6. Could Help Brain Function
It's not just your body that benefits from dark chocolate, it's also your brain. A study showed that eating dark chocolate for five days improved blood flow to the brain. Over time, cocoa can improve cognitive function and even improve verbal fluency in older adults with minor impairments. The short-term effects of cocoa on brain function can be attributed to its stimulants, like caffeine and theobromine.
7. May Help Prevent Depression
And it's not just the physical brain chocolate can help. The theobromine in dark chocolate can cause that energy spike and subsequent crash, but the anandamide in chocolate acts as a mood and energy boost in the long-term for a slow burning calming enhancer.

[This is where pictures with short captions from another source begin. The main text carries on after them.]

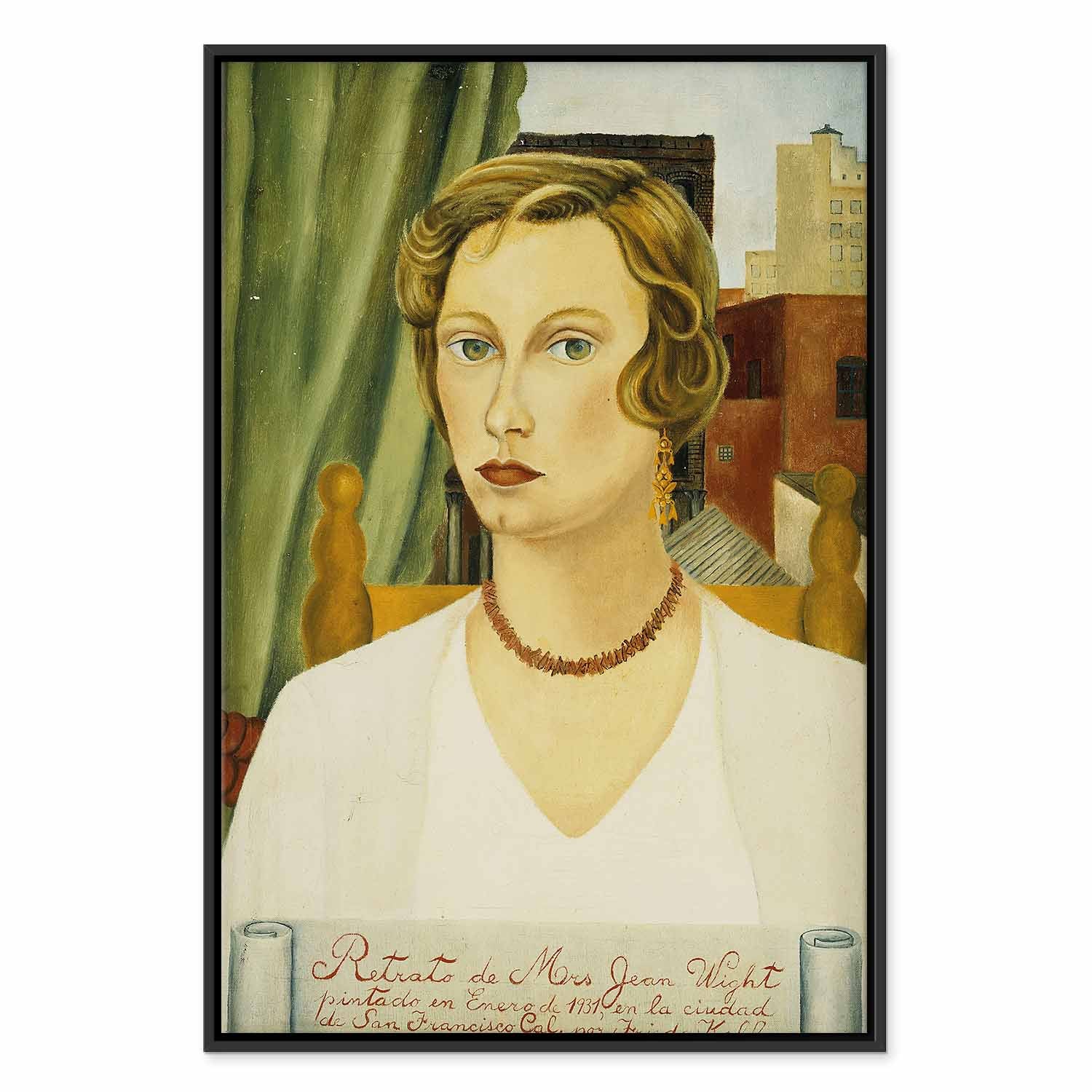 Frida Kahlo Portrait Classic Canvas Print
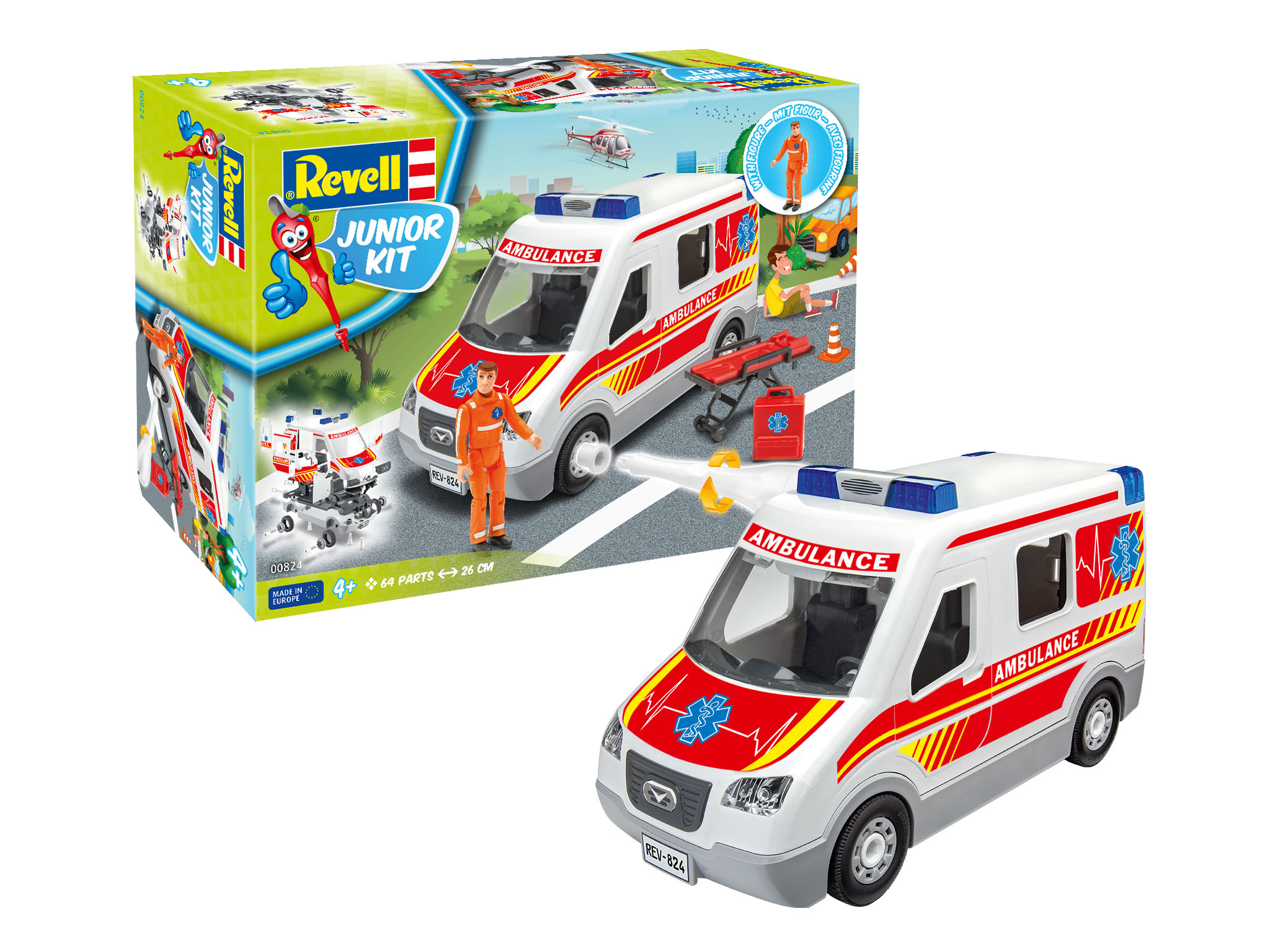 Revell Junior Kit Ambulance with figure in 1:20 bouwpakket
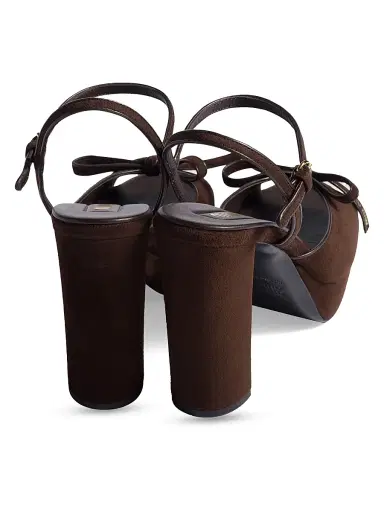 Miu Miu Women's Suede Platform Sandals - Brown - Size 9.5 | Thumbnail 2 Miu Miu Women's Suede Platform Sandals - Brown - Size 9.5 | Thumbnail 2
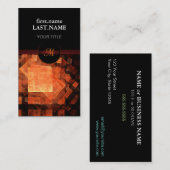 プロフェッショナルモダンオクールレンジ 名刺 (正面/裏面)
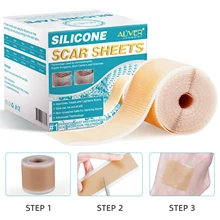 

ALIVER Silicone Gel Strips Patch Silicone Scar Sheets Reusable Removal Patch Remove Trauma Burn Sheet Skin Repair Therapy Patch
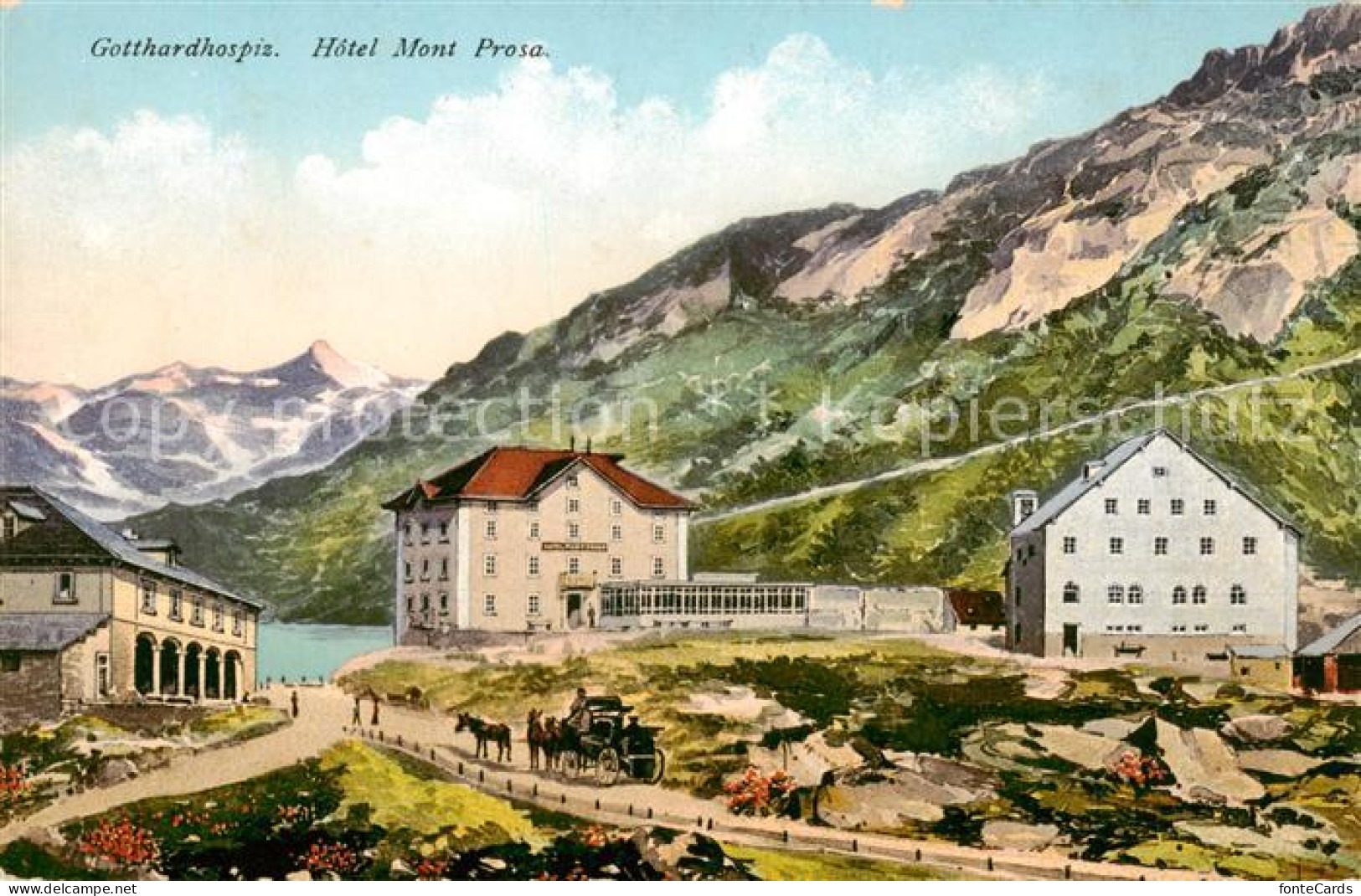 13800045 Gotthard Hospiz Hotel Mont Prosa  - Other & Unclassified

Another chemical that helps mood is phenethylamine, which is also found in dark chocolate. The body metabolizes this into serotonin and that regulates mood. If you are not making enough, supplementing through phenethylamine in chocolate can bring you back to your base needs. A survey of more than 13,000 adults compared their self-reported chocolate eating with depressive symptoms and found that those who consumed dark chocolate in the past 24 hours were 70 percent less likely to feel depression.
8. Full of Nutrients
On top of all these benefits, chocolate isn't filled with the empty calories you find in most sweets. It has a good level of soluble fiber to help digestion, two-thirds your daily needs of iron, more than half of your magnesium intake, and will fulfill nearly all your needs for manganese and copper. It's also full of zinc, phosphorus, selenium, and potassium. And while chocolate contains a fair amount of fat, its fats are mostly healthy, consisting of oleic acid.
9. May Be a Natural Sunscreen
Dark chocolate can even help your skin via its bioactive compounds. Its flavanols protect against sun damage and it improves blood flow, increasing skin density and hydration. A study showed people consuming dark chocolate over a period of three months had a higher level of protection against UVB rays. Still, don't shirk on the sunscreen when going out. Chocolate is no substitute for a normal skin care routine.
Of course, like all good things, moderation is key. Having a square or two of dark chocolate a day has a lot of benefits, but going overboard will cost you in sugar and calories. Keep in mind that not all chocolate is nutritious. You need to look for dark chocolate with 70 percent or higher cocoa content. These types will have some sugar but not a lot and they contain a lot more nutrients than your typical processed milk chocolately goodie. Enjoy your dessert!
Darlena Cunha is a freelance writer and a professor at the University of Florida, with degrees in communications and ecology.